Said LaPaglia, "At one point Leon says, 'I'm
numb. I can't feel
anything.' So he tries to jump-start his life, he has an affair, he
has these
bouts of anger because he doesn't know where to put any of this stuff.
There's a complexity in the writing that makes Leon a really great
character."
The Australian film industry clearly agrees.
LaPaglia earned that
country's version of the Oscar last month when the Australian Film
Institute
named him the year's best film actor. In an unprecedented sweep, the
institute also singled out "Lantana" as best film and named Kerry Armstrong
best actress, and gave Vince Colosimo and Rachael Blake supporting
actor
honors. In America, LaPaglia is emerging as a possible dark-horse Oscar
contender.
Commercially, "Lantana" remains a top 10 box-office
draw nine weeks
after its theatrical release in Australia. Word-of-mouth buzz there
has
turned the psychological thriller into something of a pop culture phenomenon
akin to the stateside indie success story "Memento."

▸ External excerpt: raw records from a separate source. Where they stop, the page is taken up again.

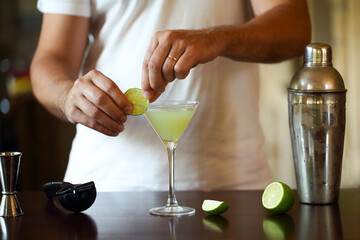 Barman at work, preparing cocktails. Pouring martini to cocktail glass
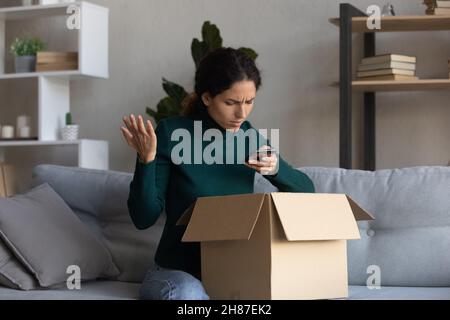 Angry latin female getting wrong order calling delivery to complain Stock Photo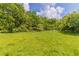 Lush green yard surrounded by mature trees, creating a private and peaceful setting at 67 Jennifer Ln, Rydal, GA 30171
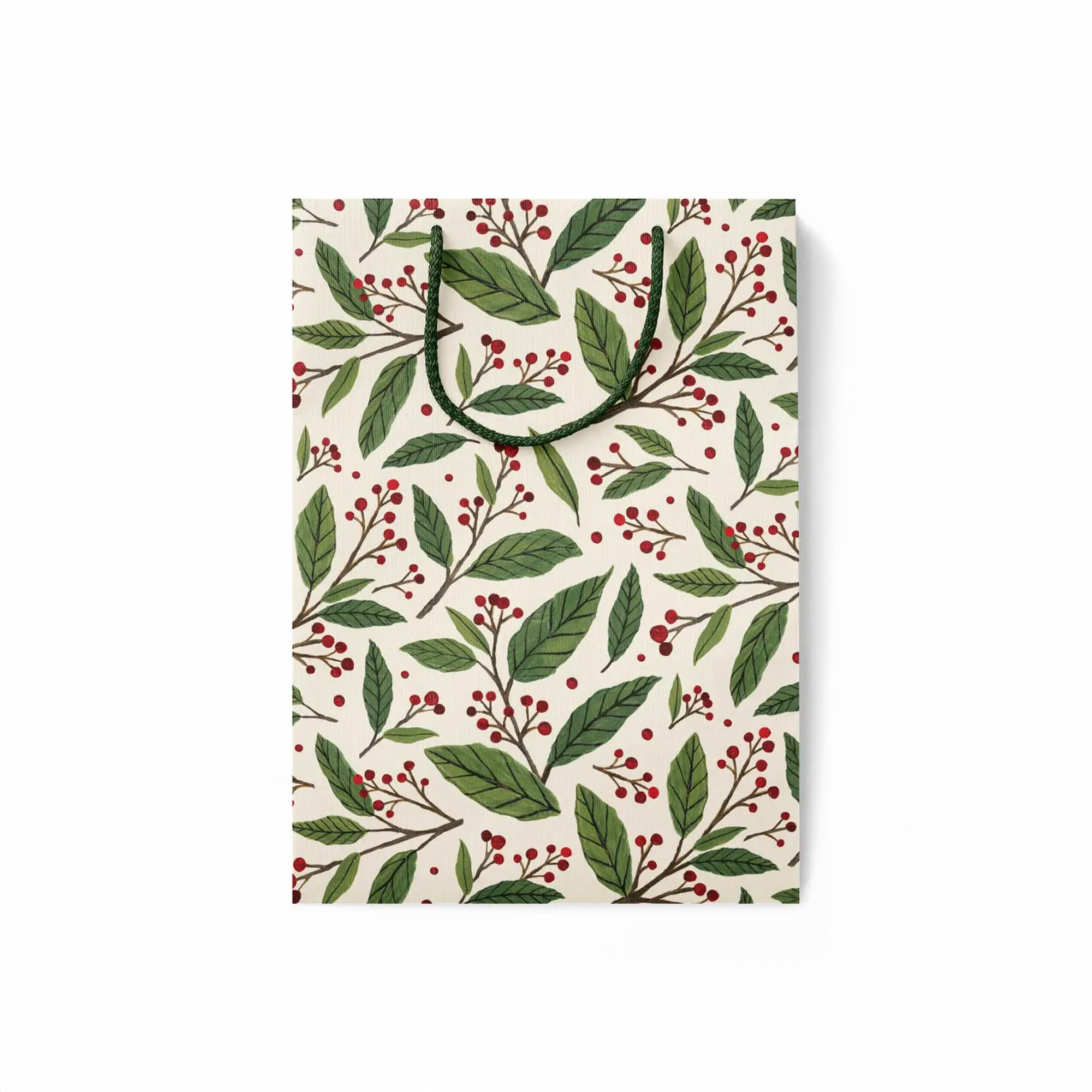 flattened gift bag with green leaf and red berry pattern on a white background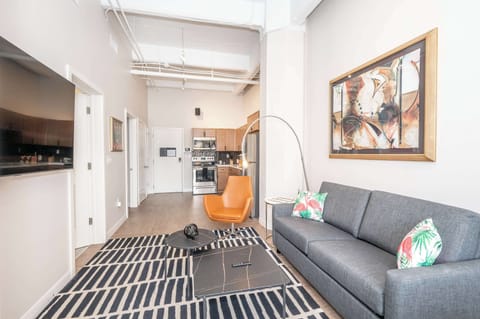 Apartment, Multiple Beds, Kitchen, City View (The 333 Suites 302) | Living area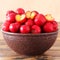 Red acerola (malpighia glabra), tropical fruit in brown bowl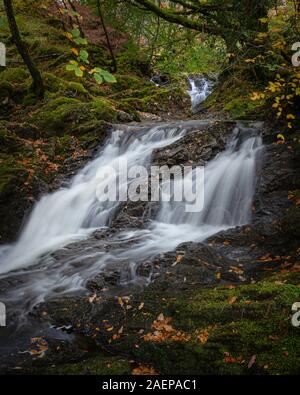 Tranquil autumn woodland scene.Waterfall in Scottish highlands on beautiful, sunny day.Motion of flowing water.Fairytale seasonal landscape image.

"I've never been in a situation where I couldn't
walk down the street,"
LaPaglia said. "Now, I get approached by people who are just so moved
by the
film."
He thinks the reason is simple. "'Lantana'
caters to an audience that
has been completely neglected. There's this huge population of people
over 30
who want to go to the movies if you give them something to see. 'Lantana'
somehow reflects their lives, it gives them characters they understand."
Referring to the film's deliberately ambiguous
final scene leaving the
future of Leon's marriage unresolved, LaPaglia said, "The movie respects
the
audience and lets you figure things out for yourself."
Among the issues to puzzle over: What exactly
is Leon's problem? His
wife Sonja (Armstrong) is beautiful, intelligent and sensitive; his
dope-smoking teenage son only moderately bratty. He has a job; his
colleagues
respect him. Yet Leon is miserable.
"You know what this guy's problem is?" LaPaglia
said. "Most people live
lives of unfulfilled ambitions. When you're 15, you're gonna be a fireman
or
whatever your dream is. Suddenly you're 30 and not doing what you thought
you'd be doing at 15; suddenly you're 35 and you've got a bunch of
obligations and commitments you hadn't conceived of before. Leon is
all about
waking up one day at the age of 40 and going, 'How ... did this become
my
life?'"
* * *
"Lantana" offered LaPaglia a welcome break
from conventional
movie-making. For starters, the cast performed a table reading in front
of
the entire crew so everyone involved in the production would understand
what
the film was about. Two weeks of intensive rehearsal followed.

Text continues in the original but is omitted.